1. Talent yang sudah jelas Callingnya sejak awal dan hanya mau berkarir di jalur yang menjadi panggilan atau keyakinannya. Talent jenis ini sudah tahu apa yg dia mau bahkan sampai pada karir puncak yang dia ingin tuju.

2. Talent yang sudah tahu apa yang dia mau tapi sangat fleksible dengan penempatan jalur karir yang dibutuhkan perusahaan. Dia rela mengorbankan idealisme pada jangka pendek namun akan tetap berupaya mencapai callingnya di masa mendatang.

3. Talent yang tidak tahu apa yang dia mau, tapi mau mendengarkan pendapat orang tentang Calling yang menurut orang lain patut ia tekuni.

4. Talent yang tidak tahu apa yang dia mau dan tidak mau tahu akan Callingnya. Baginya hidup mengalir saja tanpa perlu direncanakan. Ia berprinsip kerjakan yang terbaik hari ini dan selanjutnya Caling akan datang dengan sendirinya.

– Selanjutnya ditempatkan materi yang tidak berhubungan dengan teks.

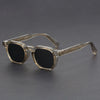 Acetate Retro Steampunk Polarized Sunglasses - CMS0221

Bila ‘calling’ ini secara tajam bisa diidentifikasi lalu dikembangkan menjadi calling yang positif sesuai dengan kebutuhan pribadi dan organisasi maka calling yang kuat akan memunculkan Charisma dari talent. Orang yang ber-charisma selalu memiliki aspek calling yang kuat selain character dan competencies. Character memunculkan orang baik, competencies memunculkan orang pintar tapi calling memunculkan orang bijak dan ber’charisma.’